Milton Friedman: What fascinates me so about economic systems is that the fundamental principles are so simple. You feel as if anybody could learn in two days the basic fundamentals of economics. They’re very simple. The elementary principles of economics are trivial:  People can spend their own money better than they can spend — more carefully than they’ll spend anybody else’s.  Buy low, sell high. Go down — the principles are very simple. And yet, it seems to be so hard for people to understand them. And people so often get them wrong. And the major reason they do — and this is what is really fascinating — is that almost always what’s true for the individual is the opposite of what’s true for everybody put together.

You go down the street and you buy some strawberries. You think you can buy as many strawberries as you want at the price that’s posted. And you’re right. But let’s suppose everybody in the country tried to buy more strawberries. There wouldn’t be any more strawberries. The total quantity of strawberries is fixed.
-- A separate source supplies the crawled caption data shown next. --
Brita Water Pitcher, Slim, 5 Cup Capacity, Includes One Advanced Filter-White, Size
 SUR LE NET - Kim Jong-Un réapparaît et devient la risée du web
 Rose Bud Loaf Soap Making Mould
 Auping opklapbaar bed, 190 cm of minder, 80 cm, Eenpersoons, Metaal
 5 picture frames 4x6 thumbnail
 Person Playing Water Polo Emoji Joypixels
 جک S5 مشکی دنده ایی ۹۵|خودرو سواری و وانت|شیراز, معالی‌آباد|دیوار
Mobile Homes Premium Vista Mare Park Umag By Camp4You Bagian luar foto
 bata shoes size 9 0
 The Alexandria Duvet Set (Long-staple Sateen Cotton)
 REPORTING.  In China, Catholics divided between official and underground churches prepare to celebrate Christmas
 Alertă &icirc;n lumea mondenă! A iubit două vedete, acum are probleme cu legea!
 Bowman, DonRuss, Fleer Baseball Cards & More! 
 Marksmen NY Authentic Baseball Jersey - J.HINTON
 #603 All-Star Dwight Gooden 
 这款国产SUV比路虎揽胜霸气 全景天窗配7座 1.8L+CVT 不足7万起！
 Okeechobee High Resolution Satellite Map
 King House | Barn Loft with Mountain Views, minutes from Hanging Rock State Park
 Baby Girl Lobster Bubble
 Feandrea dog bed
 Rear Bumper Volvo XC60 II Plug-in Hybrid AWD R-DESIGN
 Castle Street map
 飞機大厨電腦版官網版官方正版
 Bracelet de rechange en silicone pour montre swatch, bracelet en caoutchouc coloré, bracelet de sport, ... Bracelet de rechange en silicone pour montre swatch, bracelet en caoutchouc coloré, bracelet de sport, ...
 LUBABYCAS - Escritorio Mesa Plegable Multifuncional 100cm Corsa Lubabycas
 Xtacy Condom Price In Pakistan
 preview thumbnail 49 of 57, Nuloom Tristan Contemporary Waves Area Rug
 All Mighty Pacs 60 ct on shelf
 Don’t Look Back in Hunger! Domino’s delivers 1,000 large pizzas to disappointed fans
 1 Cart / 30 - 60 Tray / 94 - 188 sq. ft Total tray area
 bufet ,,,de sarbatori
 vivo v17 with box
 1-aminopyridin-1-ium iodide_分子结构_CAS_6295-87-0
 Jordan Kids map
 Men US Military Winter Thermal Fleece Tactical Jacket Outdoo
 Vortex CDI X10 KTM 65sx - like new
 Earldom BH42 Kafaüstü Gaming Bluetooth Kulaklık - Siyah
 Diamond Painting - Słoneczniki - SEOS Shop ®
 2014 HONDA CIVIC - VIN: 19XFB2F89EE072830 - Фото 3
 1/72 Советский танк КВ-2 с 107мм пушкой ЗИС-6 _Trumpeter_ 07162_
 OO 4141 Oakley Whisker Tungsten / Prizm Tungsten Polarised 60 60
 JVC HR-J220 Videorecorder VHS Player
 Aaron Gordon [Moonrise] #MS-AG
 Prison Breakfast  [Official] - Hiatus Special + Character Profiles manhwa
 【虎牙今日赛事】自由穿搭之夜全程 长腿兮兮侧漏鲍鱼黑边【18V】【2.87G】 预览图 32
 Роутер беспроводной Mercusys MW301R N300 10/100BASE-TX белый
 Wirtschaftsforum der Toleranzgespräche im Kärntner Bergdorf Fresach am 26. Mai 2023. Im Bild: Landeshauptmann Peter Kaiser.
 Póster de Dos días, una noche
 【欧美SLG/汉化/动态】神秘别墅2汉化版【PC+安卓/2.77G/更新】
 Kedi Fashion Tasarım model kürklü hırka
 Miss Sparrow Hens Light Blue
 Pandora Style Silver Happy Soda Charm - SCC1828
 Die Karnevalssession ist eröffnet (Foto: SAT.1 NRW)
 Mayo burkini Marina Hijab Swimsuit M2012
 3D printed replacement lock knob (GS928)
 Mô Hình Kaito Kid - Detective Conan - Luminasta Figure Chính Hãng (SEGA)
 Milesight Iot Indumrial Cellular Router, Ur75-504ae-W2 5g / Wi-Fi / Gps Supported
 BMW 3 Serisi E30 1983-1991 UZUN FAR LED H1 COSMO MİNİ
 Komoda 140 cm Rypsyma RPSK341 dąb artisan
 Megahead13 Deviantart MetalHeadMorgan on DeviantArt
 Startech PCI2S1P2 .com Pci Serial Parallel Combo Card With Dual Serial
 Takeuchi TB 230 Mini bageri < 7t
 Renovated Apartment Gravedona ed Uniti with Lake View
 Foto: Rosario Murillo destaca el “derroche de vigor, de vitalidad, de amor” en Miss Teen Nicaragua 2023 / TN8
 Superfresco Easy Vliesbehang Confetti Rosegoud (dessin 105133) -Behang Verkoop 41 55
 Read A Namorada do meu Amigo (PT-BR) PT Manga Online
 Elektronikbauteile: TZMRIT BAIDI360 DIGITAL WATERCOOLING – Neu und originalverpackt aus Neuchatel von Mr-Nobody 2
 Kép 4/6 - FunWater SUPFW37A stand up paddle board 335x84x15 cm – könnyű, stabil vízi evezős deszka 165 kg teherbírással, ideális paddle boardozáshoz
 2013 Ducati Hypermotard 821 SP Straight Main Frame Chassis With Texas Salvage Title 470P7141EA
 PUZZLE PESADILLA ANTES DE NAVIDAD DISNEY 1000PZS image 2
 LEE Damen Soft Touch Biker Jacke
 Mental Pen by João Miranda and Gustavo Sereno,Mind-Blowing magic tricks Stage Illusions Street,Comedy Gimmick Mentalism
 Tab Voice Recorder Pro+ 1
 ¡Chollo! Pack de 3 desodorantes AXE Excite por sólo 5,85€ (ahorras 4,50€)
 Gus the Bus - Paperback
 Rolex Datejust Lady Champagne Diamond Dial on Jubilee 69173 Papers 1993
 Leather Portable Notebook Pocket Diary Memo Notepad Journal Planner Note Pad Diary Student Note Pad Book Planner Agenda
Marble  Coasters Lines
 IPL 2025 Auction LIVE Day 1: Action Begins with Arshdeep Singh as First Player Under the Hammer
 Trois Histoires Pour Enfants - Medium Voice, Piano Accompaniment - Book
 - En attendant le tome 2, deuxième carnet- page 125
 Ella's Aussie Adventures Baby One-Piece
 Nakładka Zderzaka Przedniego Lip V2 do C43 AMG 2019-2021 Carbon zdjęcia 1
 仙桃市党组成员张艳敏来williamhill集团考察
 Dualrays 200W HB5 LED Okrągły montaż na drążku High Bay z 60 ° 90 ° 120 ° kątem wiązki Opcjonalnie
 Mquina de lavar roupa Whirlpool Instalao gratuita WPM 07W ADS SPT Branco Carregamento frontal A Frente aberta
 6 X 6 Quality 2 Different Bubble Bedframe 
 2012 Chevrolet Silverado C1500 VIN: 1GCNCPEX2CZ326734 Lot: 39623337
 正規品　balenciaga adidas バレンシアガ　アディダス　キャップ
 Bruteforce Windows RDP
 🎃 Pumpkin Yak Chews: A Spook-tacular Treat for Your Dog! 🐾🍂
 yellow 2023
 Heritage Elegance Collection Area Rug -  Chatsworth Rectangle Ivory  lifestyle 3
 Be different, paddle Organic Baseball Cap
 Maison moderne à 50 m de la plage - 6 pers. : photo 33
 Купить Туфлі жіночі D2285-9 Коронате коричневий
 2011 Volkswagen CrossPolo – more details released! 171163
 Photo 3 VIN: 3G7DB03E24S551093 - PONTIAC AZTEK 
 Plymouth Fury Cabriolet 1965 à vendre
The price would have to go up.  So from the point of view of the individual, the quantity is variable and the price is fixed. For everybody together, the quantity is fixed and the price is variable. And what’s true for strawberries is true for almost everything you can think of. And that’s why, in my opinion, ordinary people are so subject to economic fallacies, because they tend to extrapolate from what’s true for them as an individual to what’s true for everybody. And almost always, that’s a wrong extrapolation.